Greek Diver [1] We have done some earlier posts on Dow charts to illustrate the predicament today’s market is in. The utility of Dow charts (and the Dow as market proxy) is debatable, but the charts provide an interesting tool for overall market analysis. Below are the updated charts from January 3, 1900 to market close December 1, 2008.

Log Us Out of This Market

The first chart is the logarithmic chart of the DJIA from 1900-2008. Log charts are useful [2] in that they show proportional changes in the index over time.
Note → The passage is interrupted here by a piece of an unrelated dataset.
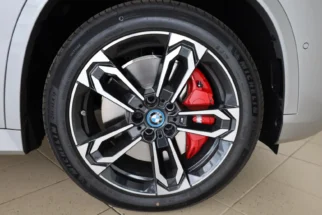 BMW-iX1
For instance, a change from 10,000-11,000 is the same as a change from 100-110, both are represented on the log chart as 10%. For those who put money to work in the market day by day (or year or decade), this is the chart for you.

DJIA 1900-2008 Logarithmic Scale [3]

For those in from the beginning . . .

And if you had money in the DJIA from 1900, here is the arithmetic chart, better for cash in – cash out measurements [4]. For our time horizon, this would show you what happened to your dollar from 1900, or if you truncated the charts, what would happen to your cash over a shorter period of time.

DJIA 1900-2008 Arithmetic Scale [5]

I. Benefits and Disadvantages of the Dow

The Dow Jones Industrial Average charts are an interesting picture of the market. There are some benefits to using them in analysis:

  1. The index is made up of older companies with a long performance track record.
  2. The index itself is very old and has traded reliably so a good data set is available (and does not need to be historically extrapolated).

The disadvantages are:

  1. The Dow is price-weighted, not accounting for dividends, something critically important for market investors.
  2. The 30 industrial stocks are not necessarily key drivers of overall market performance (MSFT was left off for years and many foreign companies critical to global finance are not in the Dow).

II. Perspective

We’ve done a number of earlier posts with Dow charts. For our earlier charts, please see Charts to Show That Markets Don’t Always Go UP! [6] and Dow Jones 1900-2008 Chart (Updated). [7] More important than charts, I’d like to close with the words of the immortal finance commentator Lou Rukeyser (from The Des Moines Register [8]):

“OK, let’s start with what’s really important tonight. It’s just your money, not your life. Everybody who really loved you a week ago, still loves you tonight. And that’s a heck of a lot more important than the numbers on a brokerage statement.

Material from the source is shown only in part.